Il teatro come recita della vita o come recita nella vita. La scena è il segno che traccia viaggia nel tempo. In questi viaggi ci sono le pause, le attese, gli spazi. Ovvero dentro il tempo vi sono le “dimore”. Quelle dimore che ognuno di noi considera uniche perché noi siamo unici dentro il nostro cuore. Anzi. Crediamo di essere unici inventandoci il senso e la perdita che convivono. Nel testo di Sandro Dell’Orco, “La dimora unica”, (Manni, Pp. 120, euro 14,00) la metafora della dimora è un gioco ad incastro tra la recita finzione e la vita enigma.
Un testo teatrale in cui la rappresentazione non è solo tra i personaggi ma soprattutto nella enunciazione dei percorsi narranti. D’altronde Dell’Orco (nato a Catanzaro e vive a Roma) è uno scrittore di romanzi (va ricordato soprattutto “Delfi” del 2007) e trova in questo nuovo libro la messa in scena di una visione narrante che parte da un progetto di scrittura. La recita, in uno scrittore come Dell’Orco, può diventare più della vita stessa, soprattutto quando l’unicità delle radici è stata abbandonata. In questo abbandono fisico e metaforico, se si vuole anche onirico e metafisico, la luce si confonde con il buio e il mistero può sembrare una pagina dell’ambiguità quotidiana che trasformiamo letterariamente in enigmaticità.

Forse la scrittura è di più. È un inciso al quale Dell’Orco crede. Ma forse si va oltre. Come è possibile andare oltre viaggiando tra i mari della nostra esistenza credendo che la nostra esistenza sia unica, visibilmente ancorata al nostro sguardo, interiorizzata nel nostro coesistere, ovvero nell’uomo che è scrittore e nello scrittore che si perde nell’essere uomo. Gli incastri dividono la rappresentazione. Perché è proprio in questi incastri che i tasselli hanno bisogno della misura in uno spazio predefinito o da definirsi. In questo spazio si consumano le relazioni che sono sempre particelle di tempo. Tempo immaginario o tempo fisico.

Sandro Dell’Orco va su queste strade della teatralizzazione della letteratura. Kafka viveva l’incubo dell’imprevisto. Buzzati quello dell’attesa. Ionesco quello della tragedia. Pirandello quello dell’ironia – umorismo.

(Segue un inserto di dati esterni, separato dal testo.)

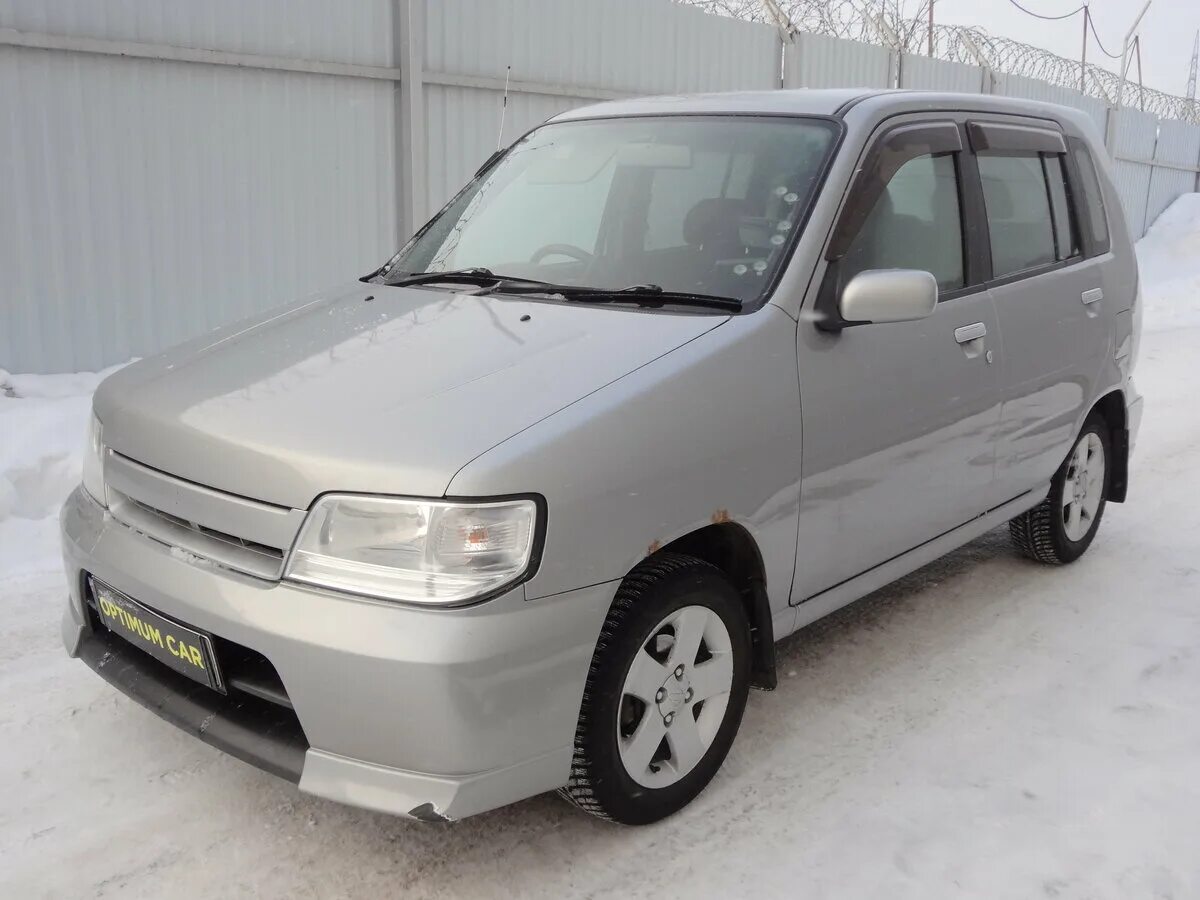 Ниссан куб 2000 фото Купить б/у Nissan Cube I (Z10) 1.4 AT (85 л.с.) бензин автомат в Москве: серебри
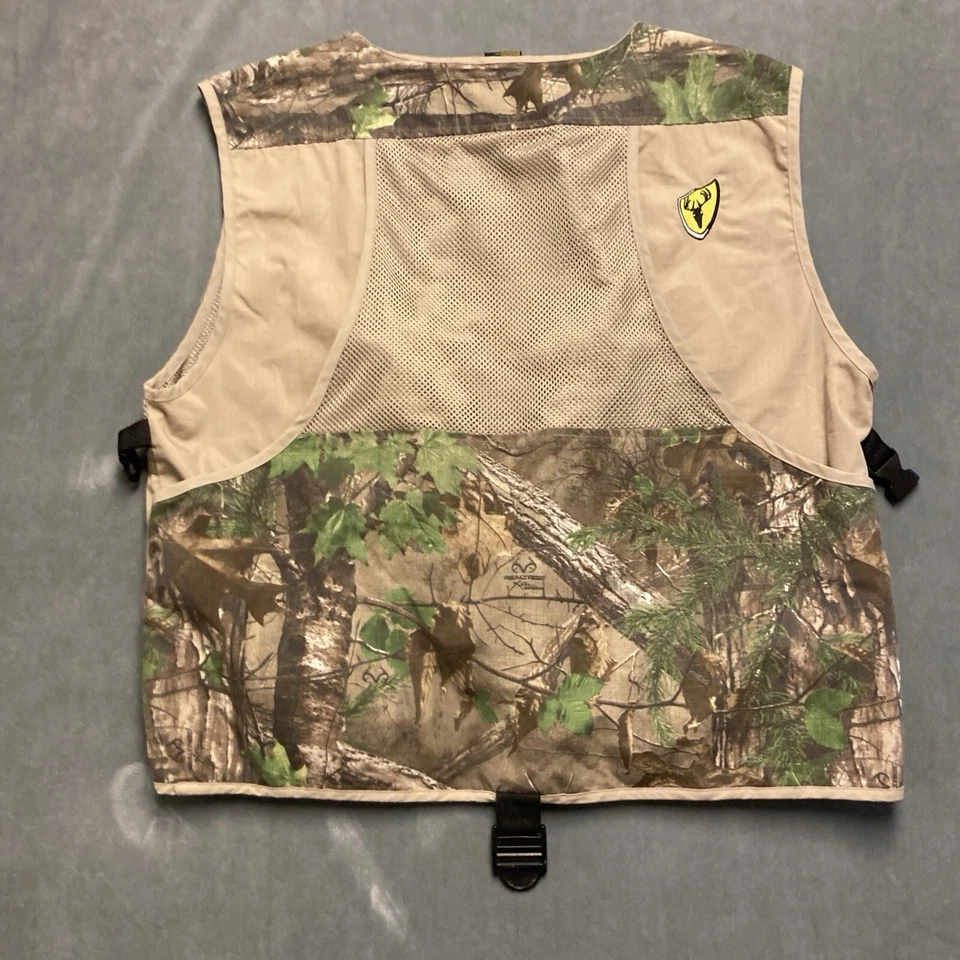 Chaleco de Caza Scent Blocker Realtree Camuflaje XL/2XL Ripstop Algodón y Malla Bolsillo con Cremallera Foto 2 de 4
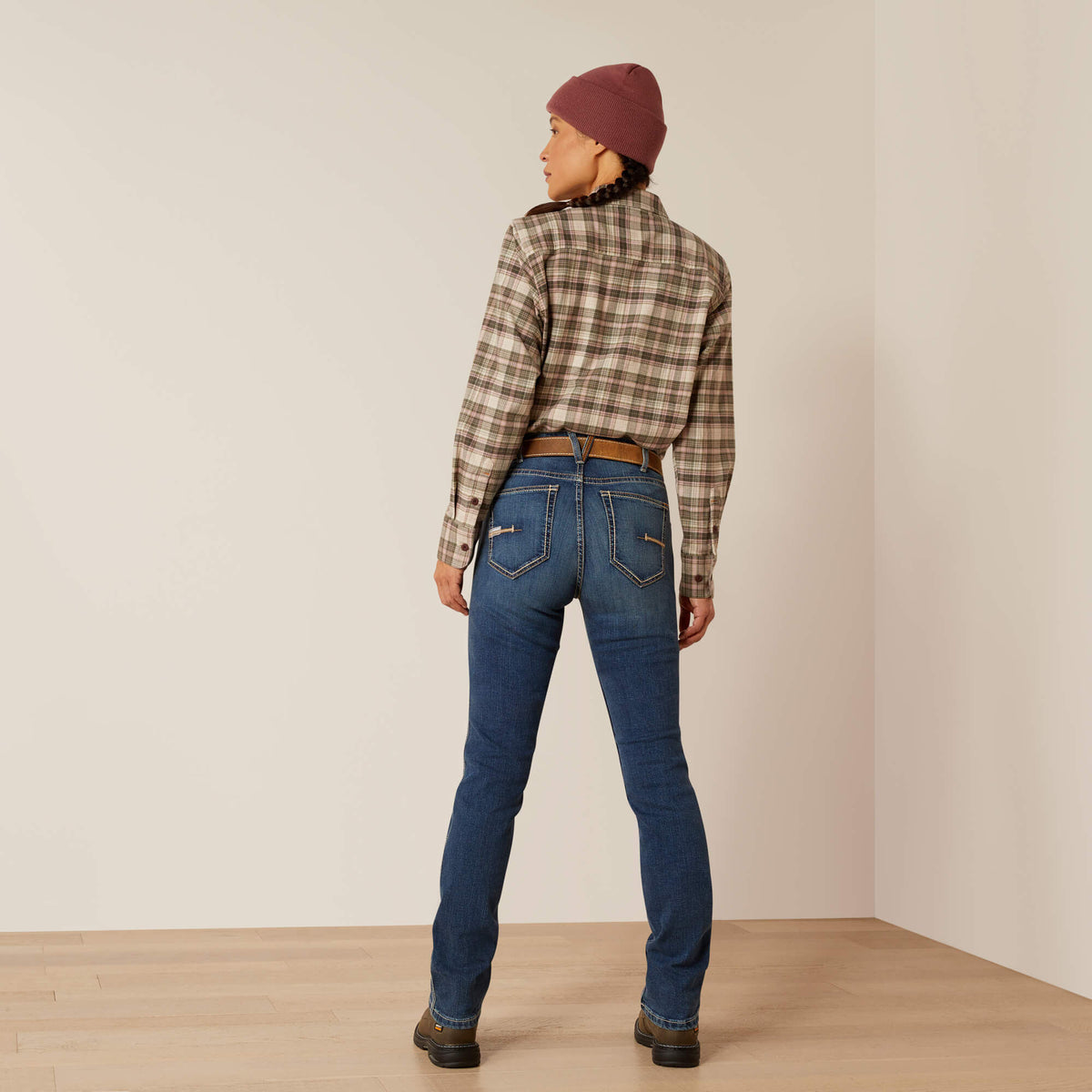 Rebar High Rise Riveter DuraStretch Straight Leg Jeans - Ariat Great Value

Beckett nella ricerca della follia dei personaggi e Sartre superando il muro si bloccava nella tensione della nausea.

Esistenze al bivio o esistenze sul teatro teatralizzando i luoghi, i viaggi, il vuoto, l’assenza in una dimensione lirica dell’assurdo. Perché abbiamo bisogno di ritrovarci in una dimora? È qui il punto. Ci sono dimore abbandonate e dimore che non smettono di vivere nel nostro essere – spazio. Come sempre nella storia dei personaggi del romanzo il palcoscenico è dentro i simboli che diventano veri e propri archetipi.

Quale straripamento delle coscienze è possibile arginare nella letteratura che diventa scena? La letteratura è memoria e se non è tale bisogna poter decidere se viverla come esproprio o come divisione nelle diaspore che lo scrittore (o l’autore) cattura e proietta al di fuori di sé. La fantasia ha il sopravvento. Altrimenti che letteratura sarebbe? Se non vogliamo chiamarla fantasia chiamiamola visione onirica.

La realtà è altro. Tra il destino e l’avventura. O forse un tentativo di profezia. Simone de Beauvoir pensando a Sartre ha definito il suo viaggio tra i tagli della vita – letteratura. Ecco perché, nel nostro tragico vivere ironico e sospeso traliccio esistenziale il sogno è il superamento di ogni cortocircuito al quale si assiste nel reale movimento della realtà stessa. L’immaginario è una scenografia di vita nella nostra unica dimora fatta di tempo, di morte e di vita. Così nella mia lettura di un testo bello, articolato e ben costruito sul piano della teatralità qual è, appunto, questo di Sandro Dell’Orco.